Beginning at the beginning of the school year in the fall, the Children’s Advocacy Center of Franklin County and North Quabbin will offer an eight-week trauma-informed art therapy group and individual therapy sessions for these students in the school district. Athol-Royalston Regional. Services are provided by master’s degree mental health clinicians and art therapists with specialized training in working with children and youth affected by trauma.
The Children’s Advocacy Center was one of 10 organizations nationwide to receive a highly targeted grant from the program, “Protecting Futures: Building Capacity to Serve Children and Youth Affected by America’s Drug Crisis.”
“There is a nationwide mental health crisis and access to youth and adolescent services is extremely limited,” Athol-Royalston Regional School District Superintendent Matthew Ehrenworth said in a statement. “Given the geographic location of our towns and the severity of substance use/abuse in our region, this has had a magnified effect on our children. We currently have waiting lists for our students to interact with physicians.

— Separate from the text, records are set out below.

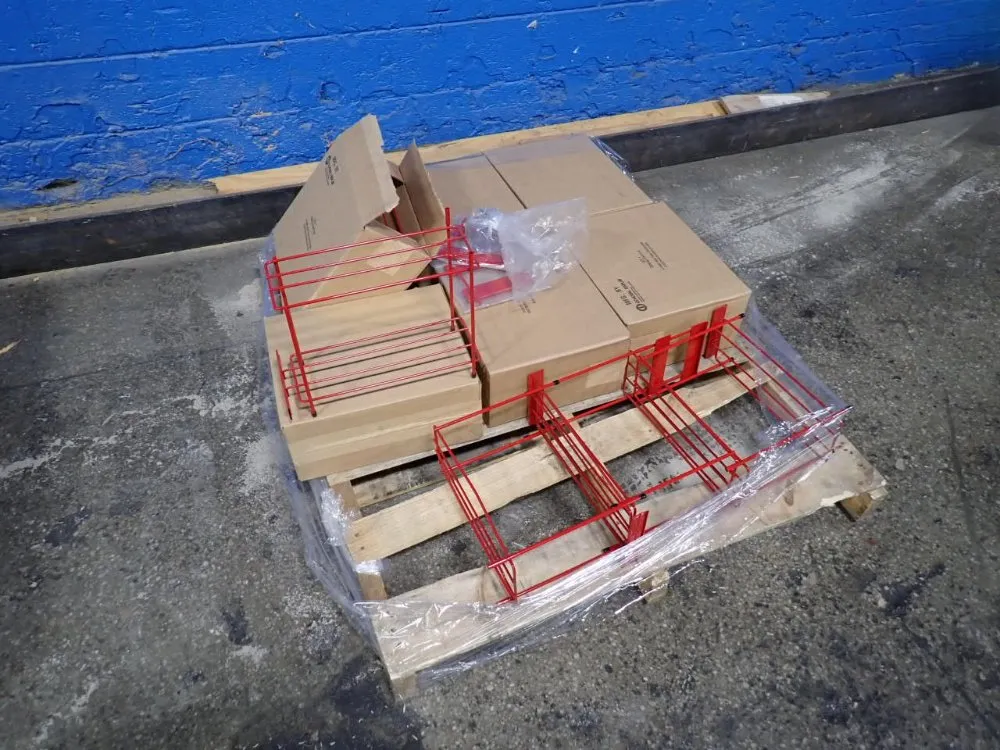 General Display 2 @ 13" X 5" Countertop Display - 6partd-r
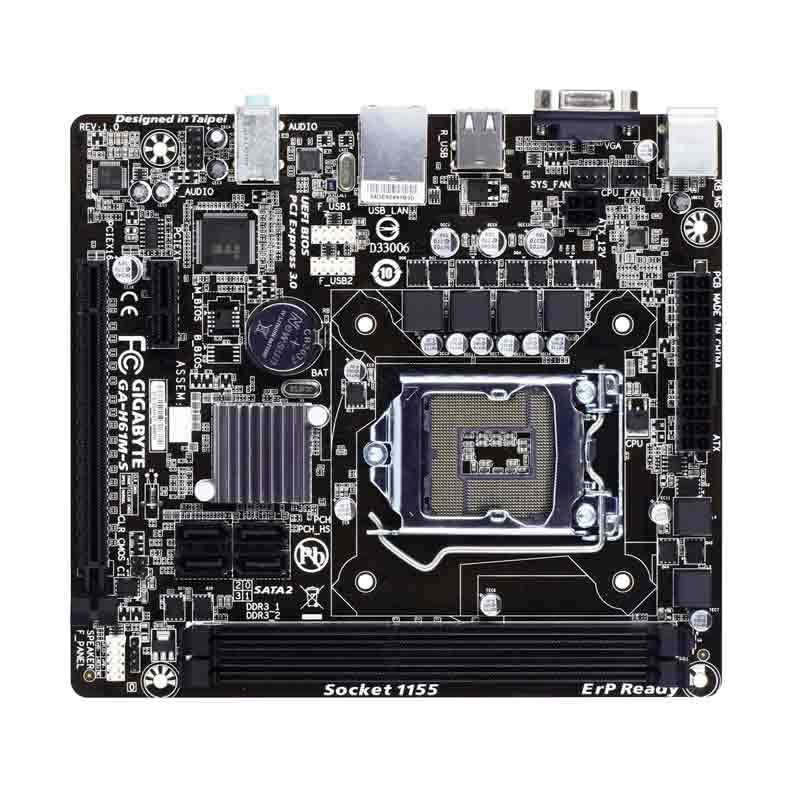 Gigabyte GA-H61M-S (rev. 1.0)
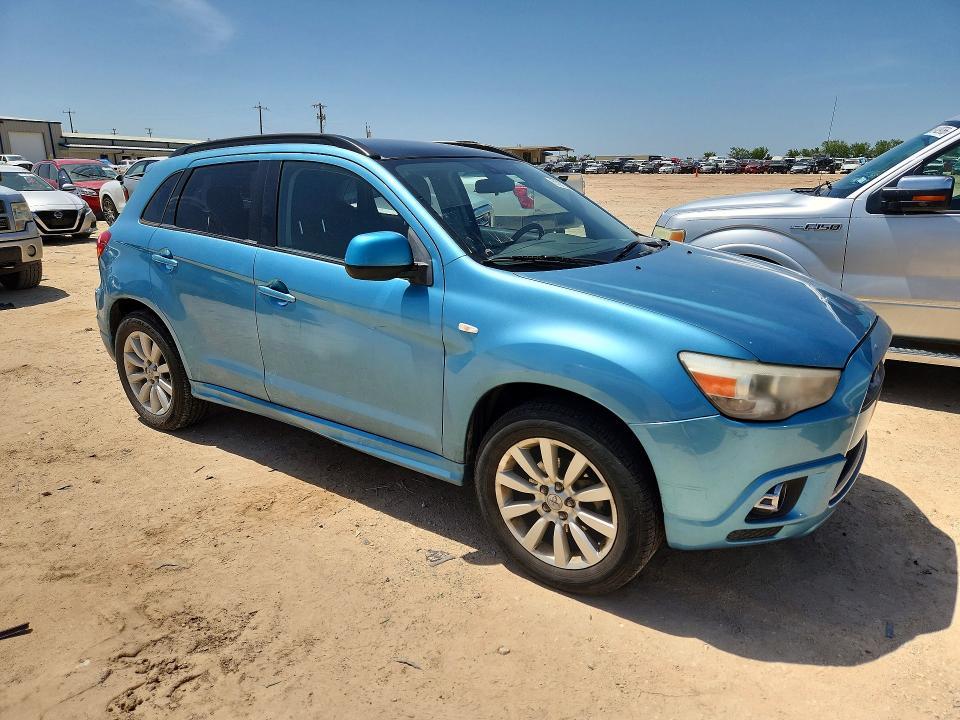 2011 Mitsubishi Outlander Sport se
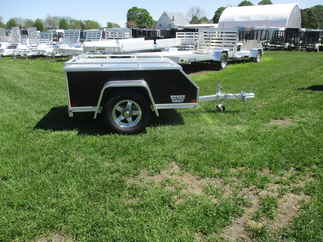 2020 Aluma 48x6  Aluminum Single Axle Utility AE46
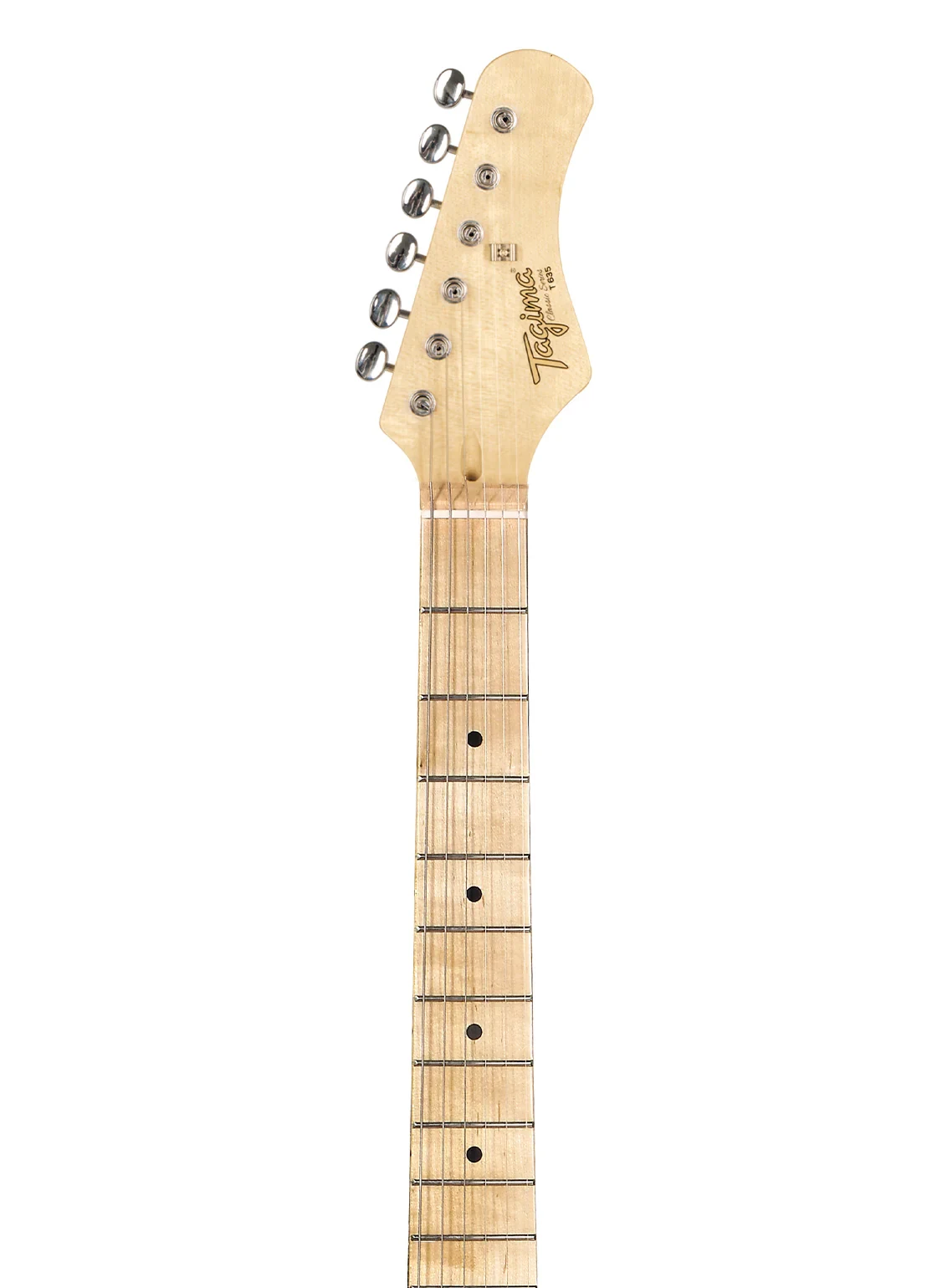 Tagima Guitarra Eléctrica Cuerpo Alder Roja T635 - Imagen 3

“This program will provide a wonderful avenue to provide therapeutic services to some of our students with the greatest need,” he added.
Children’s Advocacy Center executive director Jeffrey Trant said the eight-week art therapy group will take place eight times over two academic years and will serve about eight children each session. The plan also includes offering ongoing and individualized services.
“For many children and youth who have experienced traumatic events and have never been in therapy before, talk therapy can be a challenging model,” Trant explained. “We thought [art therapy] It was a research-backed way to start looking at how we can engage with this population of kids who have experienced a number of different traumatic events … and help them develop coping skills that are supportive and non-threatening.”
Trant stressed the importance of the partnership between the Children’s Advocacy Center and the Franklin County/North Quabbin Opioid Task Force, particularly at a time when the region has fewer overdose deaths than the rest of the state. Overdose deaths in Franklin County fell 25% from 2021 to 2022, which Opioid Task Force officials attribute to an overdose tracking and disclosure program it launched in 2021 known as CONNECT.
“This project will provide a vital therapeutic resource to North Quabbin and help expand the services that are available to children affected by the drug crisis,” said Northwestern District Attorney David Sullivan, who co-chairs the Task Force on opioids.
Trant said the Greenfield-based Children’s Advocacy Center is really “encouraged” by the partnership with the Opioid Task Force.
“The task force has done a landlord job helping to support the community,” he said. “This is a natural extension of the really important work that the task force has done to help those who have been directly or indirectly affected.”